[Records excerpted from a collection]
-------------------------
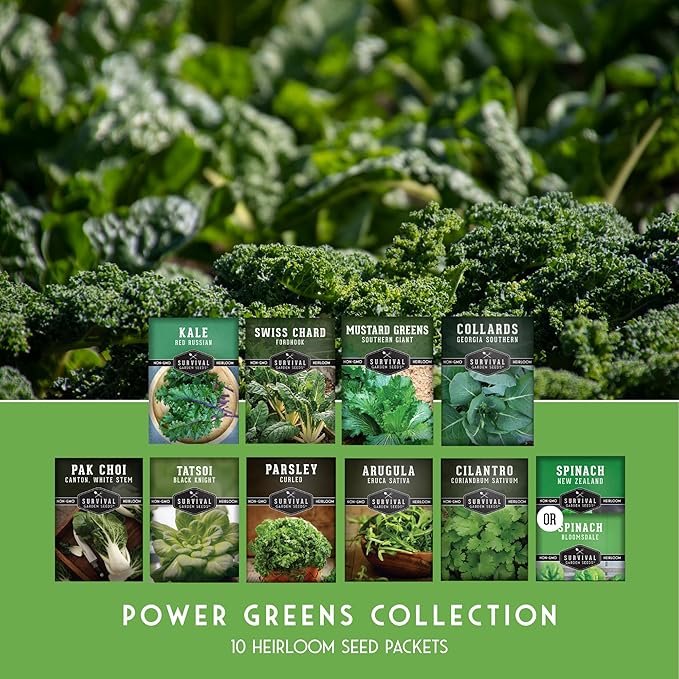 10 Power Greens Seed Collection – Heirloom Collards, Mustard, Swiss Chard, Spinach, Kale, Tatsoi, Pak Choi & More for Fall & Spring Planting | Survival Garden Seeds
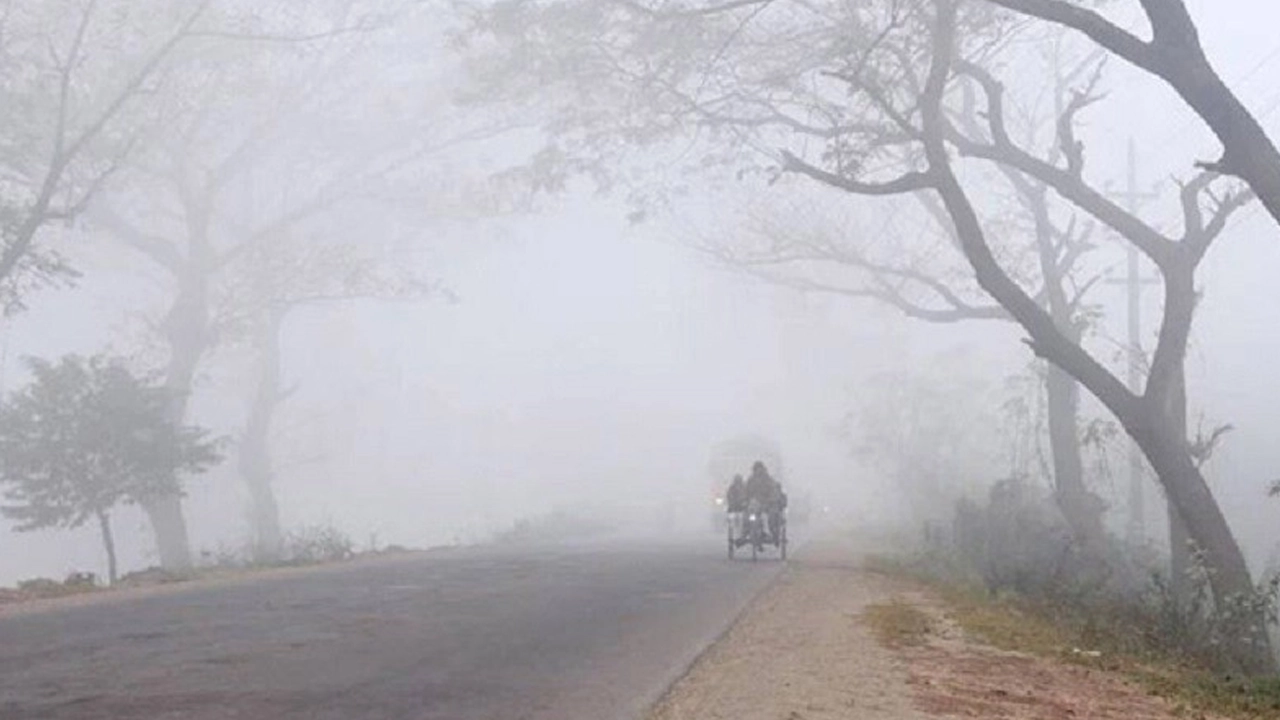 ছবি সংগৃহীত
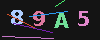 Gambar captcha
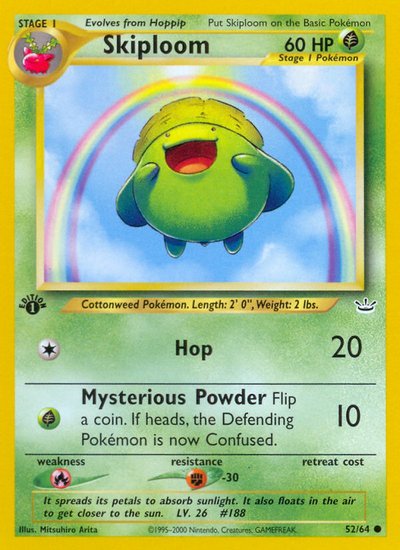 Skiploom 1st Edition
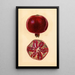 Punica granatum Granada - Mary Daisy Arnold — cuadro enmarcado en la pared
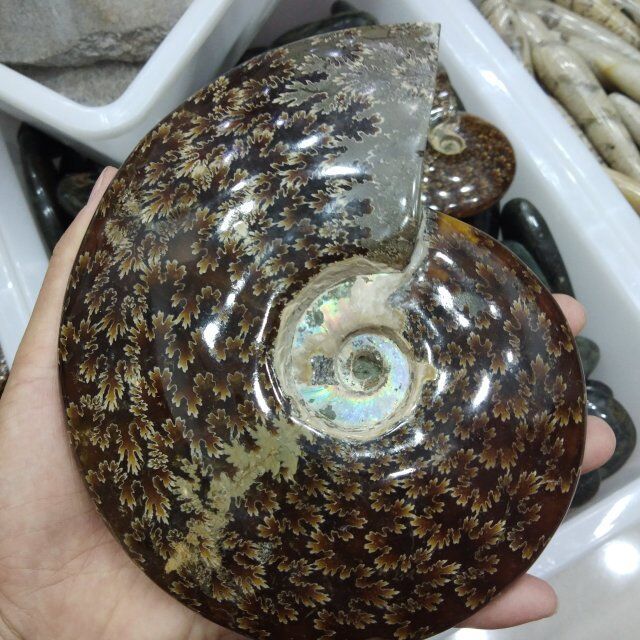 Natural Large Ammonite Fossils Stones Snail Fossils For Gift And Decoration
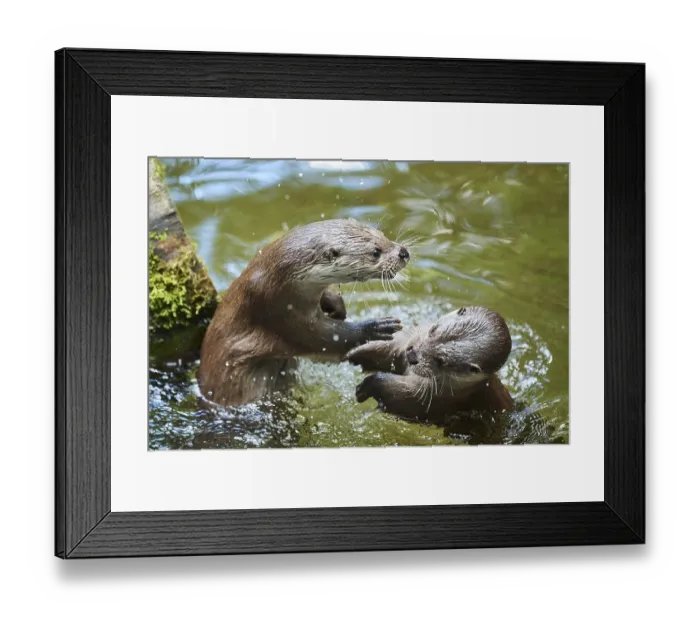 Framed Print : Eurasian otter (Lutra lutra), playing with each other in the water Framed Print : Eurasian otter (Lutra lutra), playing with each other in the water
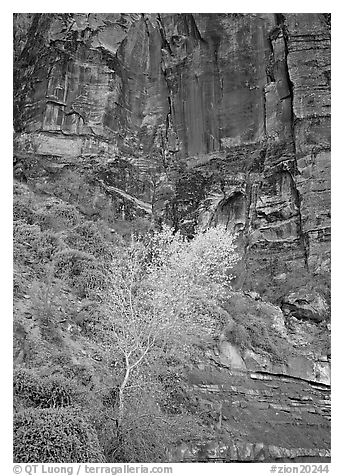 Yellow bright tree and red cliffs. Zion National Park, Utah, USA.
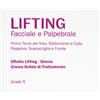 LABO INTERNATIONAL Srl Lifting Facciale E Palpebrale Crema Giorno Grado 5 LABO 50ml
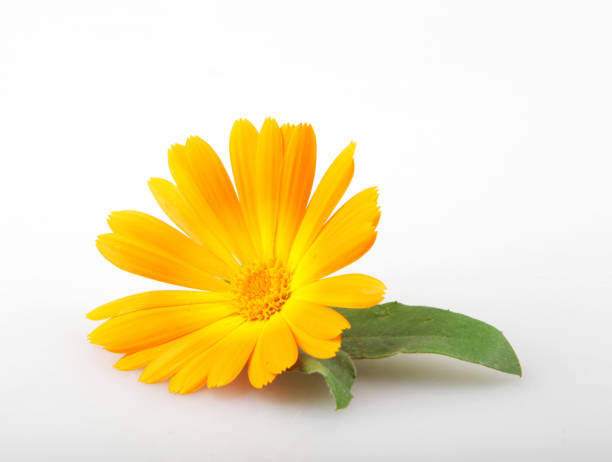 Marigold - Calendula Officinalis Marigold - Calendula Officinalis Isolated On White Background pot marigold stock pictures, royalty-free photos & images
-------------------------
Only the lines above starting with the line with "Punica granatum Granada" and going on through the line with "Yellow bright tree" belong in the answer; repeat them exactly, minus any picture.

Task result →
 Punica granatum Granada - Mary Daisy Arnold — cuadro enmarcado en la pared
 Natural Large Ammonite Fossils Stones Snail Fossils For Gift And Decoration
 Framed Print : Eurasian otter (Lutra lutra), playing with each other in the water Framed Print : Eurasian otter (Lutra lutra), playing with each other in the water
 Yellow bright tree and red cliffs. Zion National Park, Utah, USA.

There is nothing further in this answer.